Hoggard’s assist to turnover ratio of almost two-to-one was pretty impressive for a freshman who really wasn’t supposed to get as many minutes as he played. Aside from those numbers the team seemed to run more fluid and better whenever Hoggard was in the game, especially in transition. On defense, Hoggard flashed potential, using his strength and his short area quickness to bother opponents.


Hoggard made numerous freshman mistakes, which certainly isn‘t anything to worry about in the long run. His shooting numbers, though, were just abysmal as he barely shot over 30 percent from the field and way below 20 percent from the three-point line. It seemed as if he oftentimes wasn’t sure if he should interpret his point guard role as a scorer or a passer, thus never truly finding a real balance between the two. Hoggard too often got caught in unfavorable situations, especially when driving into the lane. While he has the ability to keep his dribble alive in any situation, his mind made him panic quite a bit when caught inside the paint. Except for a few makes here and there, his outside shot was almost nonexistent, and he needs serious improvement in that area over the summer. It would also open up the rest of the court and enable him to use his tremendous driving ability even more if were able to shoot more efficiently from behind the arc.

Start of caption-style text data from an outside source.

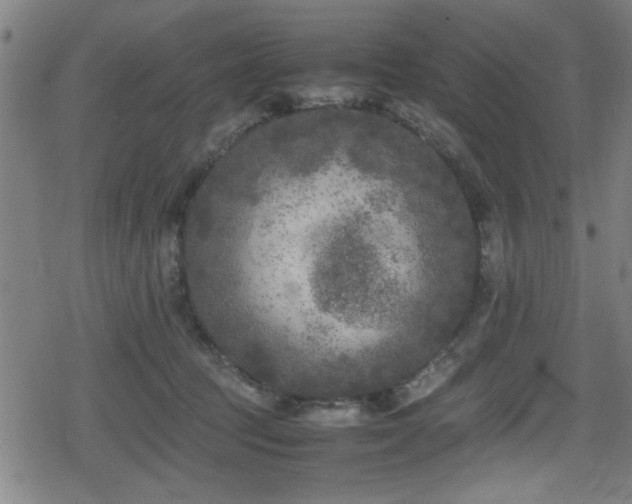 X0000078860369200611131209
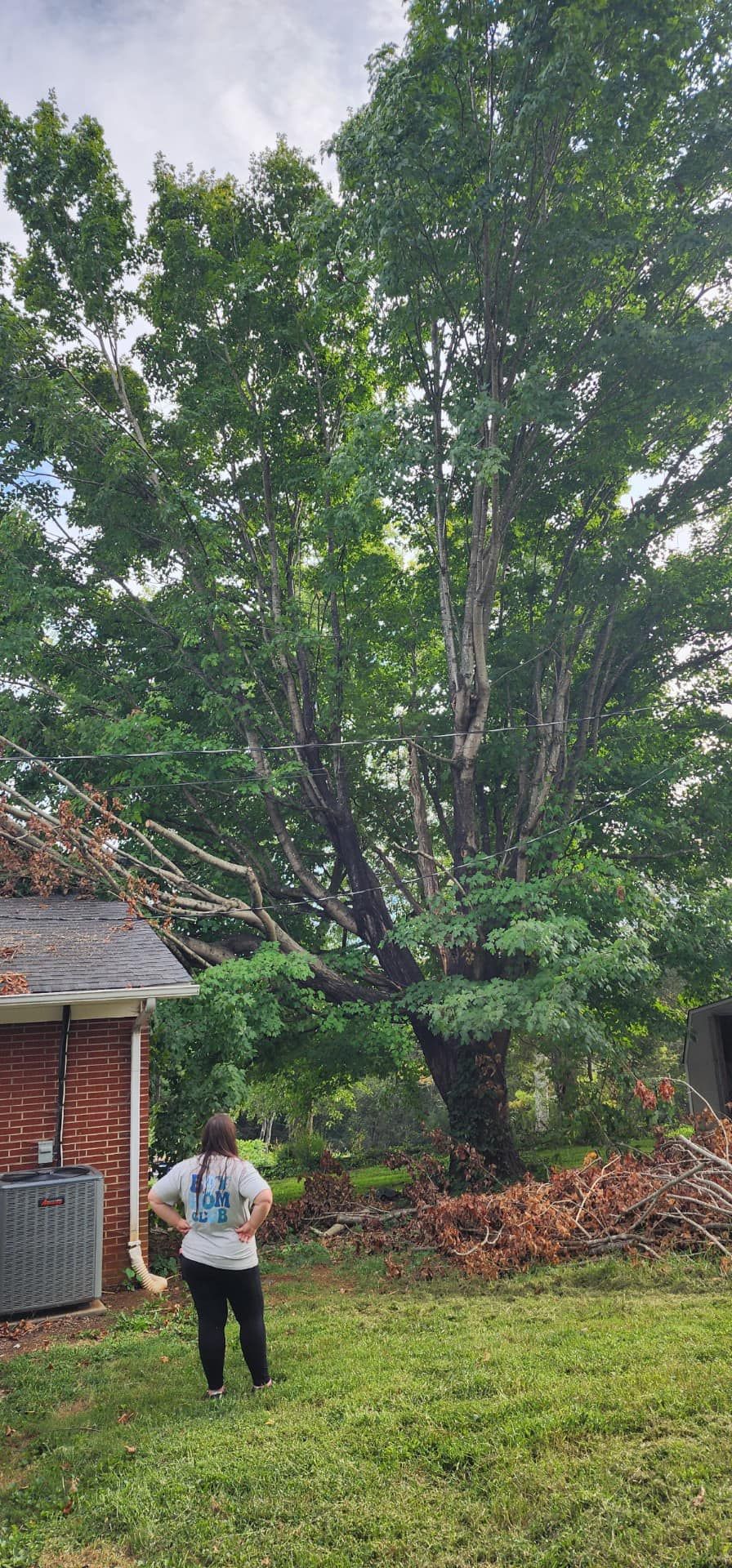 Tree Removal for Grainger Tree Service in Blaine, TN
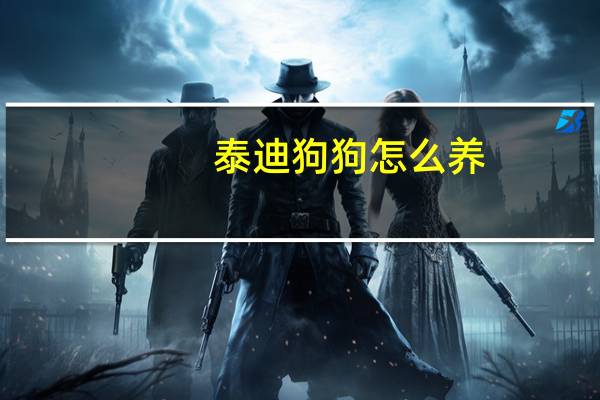 泰迪狗狗怎么养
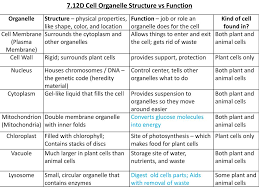 We did not find results for: Ppt 7 12d Cell Organelle Structure Vs Function Powerpoint Presentation Id 6360435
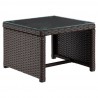 Manhattan Comfort Menton Steel Rattan 2-Piece Chair Lounge and 2 Seater with Coffee Table Patio Set Table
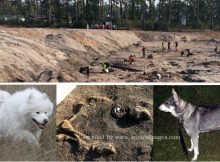 Unique 8,400-Year-Old Burial Of A Dog Different From Modern Dogs Discovered In Sweden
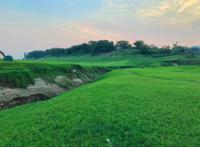 渝北千年老街，曾是重庆“农业大镇”，如今人称“虞美人山坡”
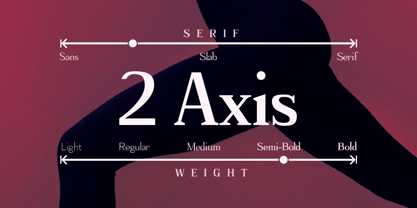 Adaptable Font Poster 5
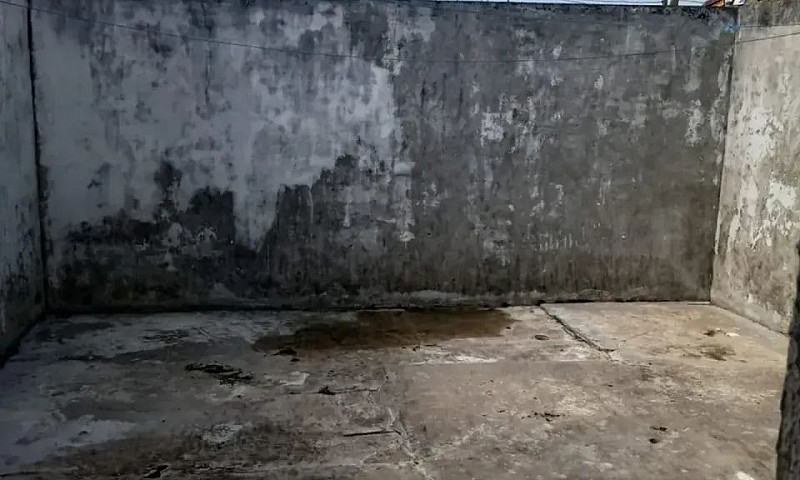 Alugo Casa Em Avenid...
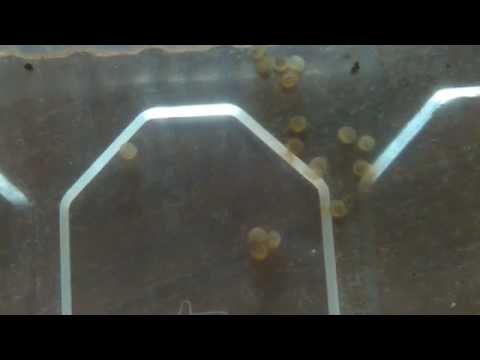 Sturisoma festivum Gelege, 5. Tag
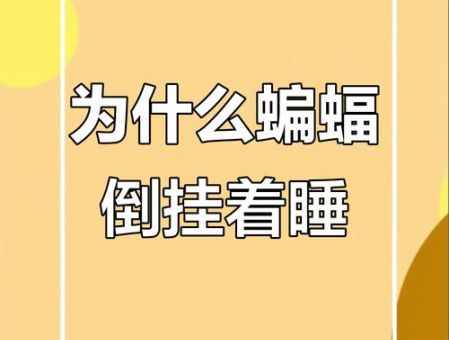 蝙蝠睡觉的姿势是倒挂着吗 为什么它们喜欢这样睡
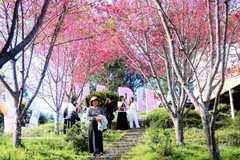 La flor de cerezo (Prunus cerasoides), conocida en Vietnam como mai anh đào, florece en todo su esplendor en la zona turística de Pha Din Top, atrayendo a numerosos visitantes. (Foto: VNA)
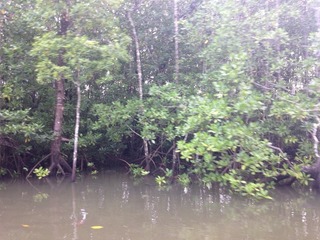 #1: Looking NE from river bank towards confluence, some 900 m away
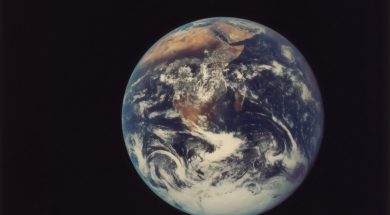 the-new-york-public-library-yEauzeZU6xo-unsplash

Many of Hoggard’s mental lapses have to be attributed to his youth, especially considering how he was thrown into a tough situation. Being asked to lead a struggling team as a freshman point guard is not easy. It becomes harder, though, if you also struggle with your shot, decision-making and the finer nuances of play-making. Hoggard looked a little heavy throughout the year, and he would probably profit from shedding some bad weight over the offseason as well.


Despite his poor shooting numbers, Hoggard showed some things that should make everyone optimistic for his future. His natural ability to penetrate is of tremendous value in college basketball and his passing instincts are legit. The issue now is that Hoggard might struggle to find minutes next to transfer Tyson Walker and true freshman Jaden Akins. This could seriously hurt his development. But nobody should be surprised if he continues to push for minutes and also earns them with his physical play down the road.